### [Required work]
In the material below, begin at the line that has "The Bride of", stop after the line that has "Image of Glerc", and transcribe those lines exactly, without pictures.

### [Supplied records]

* * * *

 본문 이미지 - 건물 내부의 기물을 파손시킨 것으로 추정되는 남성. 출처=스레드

* * * *

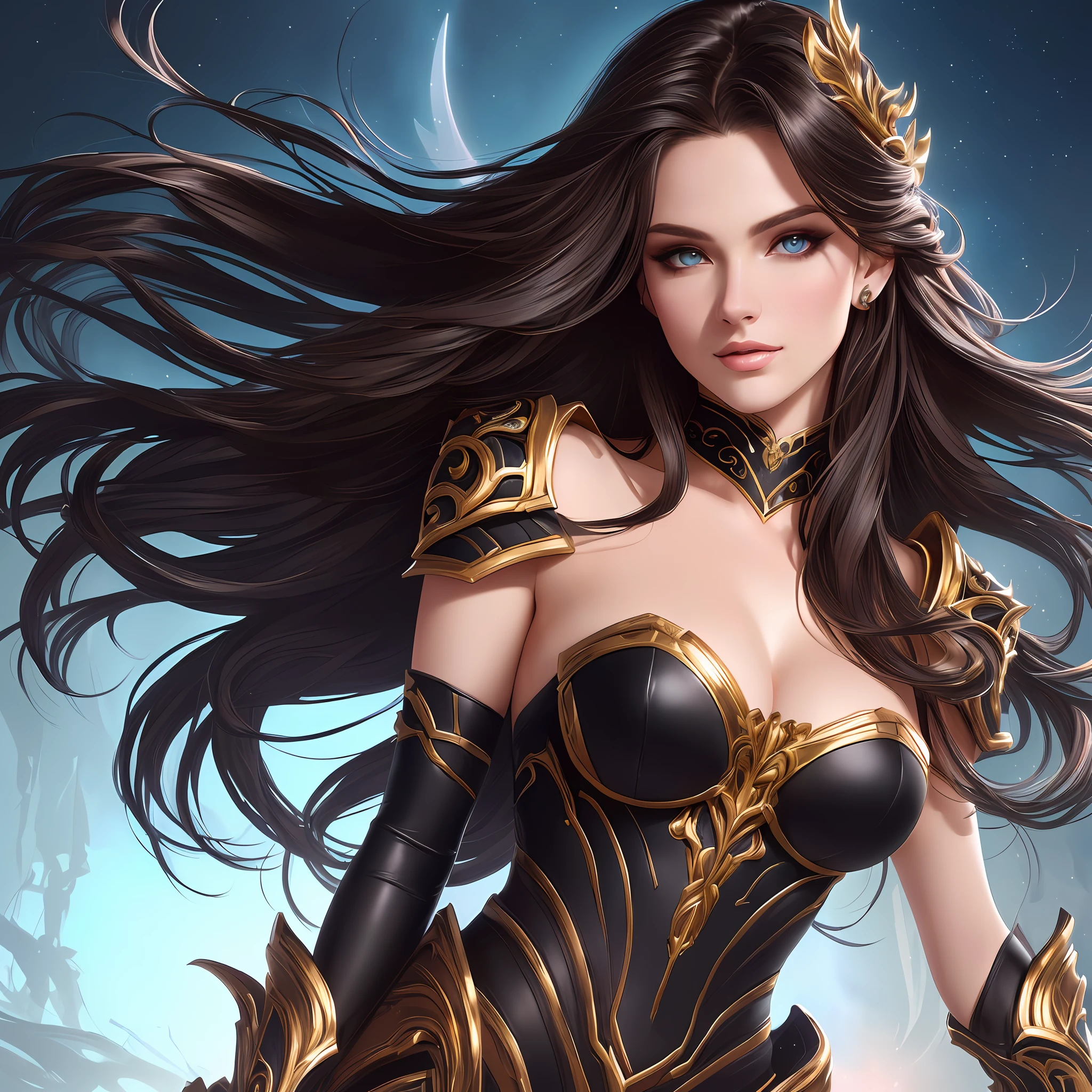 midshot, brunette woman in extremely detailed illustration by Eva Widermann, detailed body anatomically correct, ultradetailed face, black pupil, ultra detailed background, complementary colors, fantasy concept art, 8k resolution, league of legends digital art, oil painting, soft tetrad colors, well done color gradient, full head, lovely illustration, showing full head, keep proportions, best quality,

* * * *

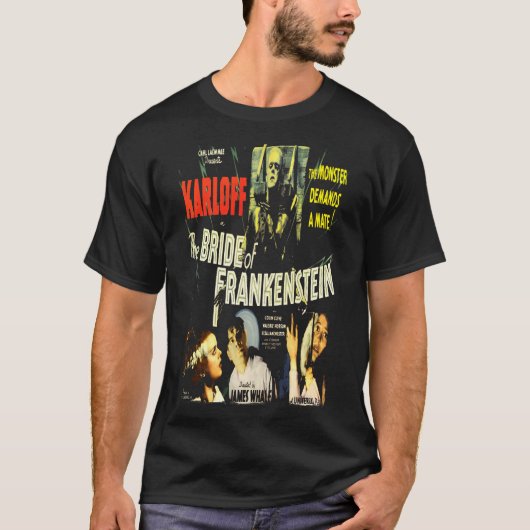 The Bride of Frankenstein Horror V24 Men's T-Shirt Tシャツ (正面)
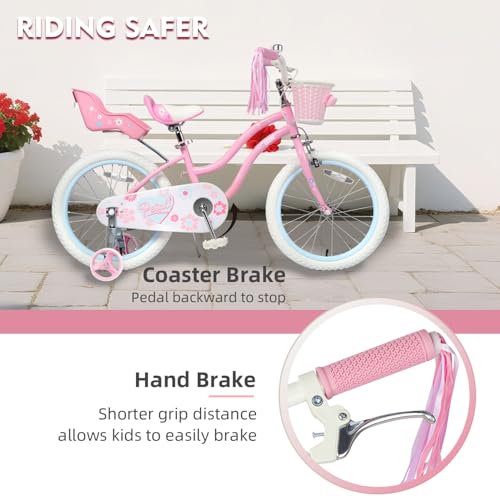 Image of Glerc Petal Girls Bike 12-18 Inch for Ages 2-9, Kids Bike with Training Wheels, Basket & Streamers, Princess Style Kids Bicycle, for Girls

* * * *

### [Your response]
 The Bride of Frankenstein Horror V24 Men's T-Shirt Tシャツ (正面)
 Image of Glerc Petal Girls Bike 12-18 Inch for Ages 2-9, Kids Bike with Training Wheels, Basket & Streamers, Princess Style Kids Bicycle, for Girls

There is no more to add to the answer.